Fancy a few electronic beats and a vibraphone on a Wednesday night? Sure. How about some dulcet tones from a young Norwegian to go with that? Why not!
That's what was on offer at The Library last night from Vidar Norheim: a young musician touring to support the (upcoming) release of his first solo LP. Vidar definitely has his own sound, but it's reminiscent of the echoing, warm electronic beats of James Blake crossed with happier, more playful vocals of Peter Bjorn and John.
If you are old enough to remember the classic TV ads, you'll know what I mean if I say: the atmosphere he creates is like a squishy Softmint world. His lyrics provide the crispy shell, but the sparse notes and resonating beats envelope you in a pale blue bubble, all cushioned and putty-like.
Vidar didn't play many songs, but there were enough to show something special. He opened with 'Crystallised', a well-developed track, which you can (and should) watch online and which was no less clean and precise live. Watching him manipulate his four beaters, bringing them together and spreading them apart to strike different chords on his vibraphone, was fascinating
A little highlight was a tribute he'd written to his old phone number. 'It sounds a bit trivial' he said, but it was about his parents' landline – the only phone number which he could remember by heart – and which they had disconnected and which he could no longer dial.
Finally, he ended on the title track from his upcoming EP, Blind Carbon Copy. It's got a more pop-y vibe that 'Crystallised' with wrenching lyrics like, 'a worn out copy of a borrowed smile'. I cannot stop listening to this track on SoundCloud. It's a real standout.

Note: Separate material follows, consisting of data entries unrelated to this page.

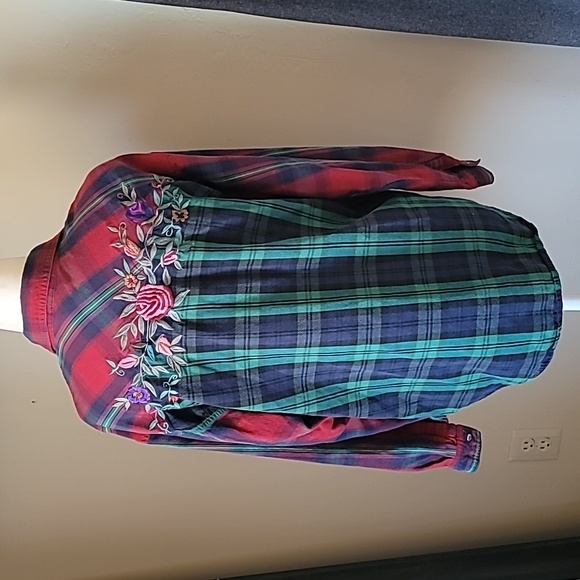 Patchwork plaid floral embroidered vintage 90s shirt size M - Picture 2 of 5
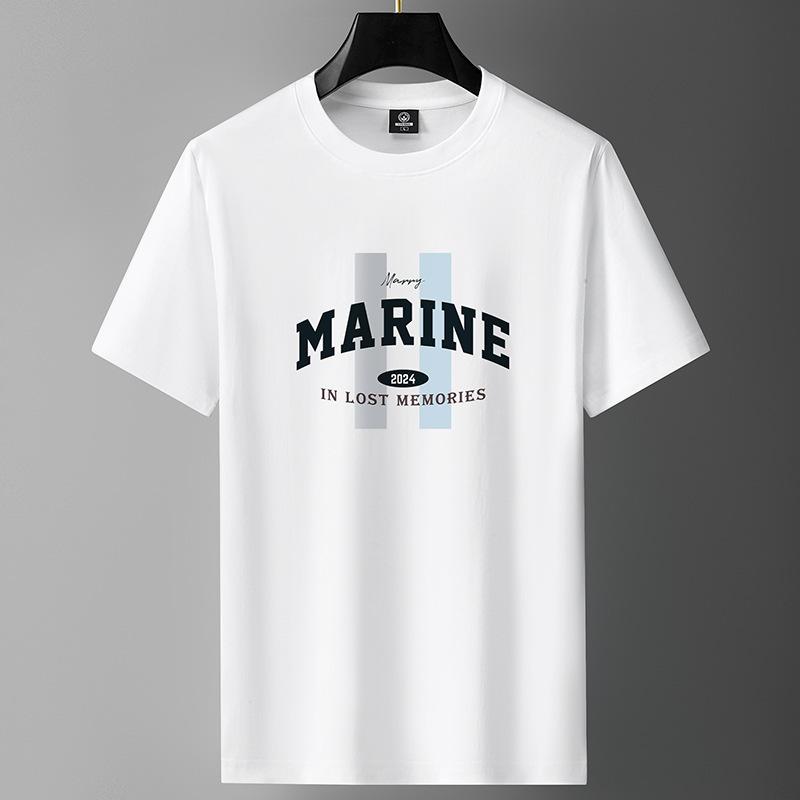 

New Design M-6XL Pure Cotton Mens Short-sleeved T-shirt Round Neck Boy Casual Tee Shirt 6XL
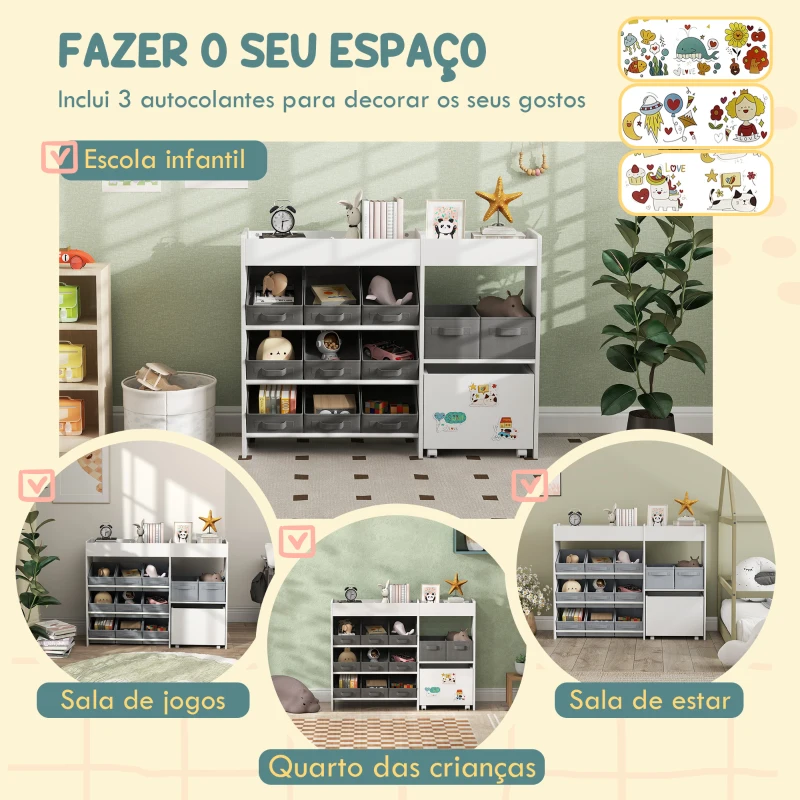 AIYAPLAY Organizador de Brinquedos para Crianças com 11 Cestas Amovíveis Compartimentos e Autocolantes 105x30x80 cm Branco e Cinza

Support came the contrasting Crandle. It's hard to pinpoint the genre of a band that plays a cover of Leonard Cohen's 'I'm Your Man', then follows it a song or two later with a soulful rendition of Cher's 'Believe'. Baffling is an understatement. They had some interesting songs of their own though and their singer has a powerful and enchanting voice.
Vidar Norheim made it worth the mid-week trip down into The Library's little pink-lit cellar though. It was a little gig and a short set, but it felt you were at start of something big.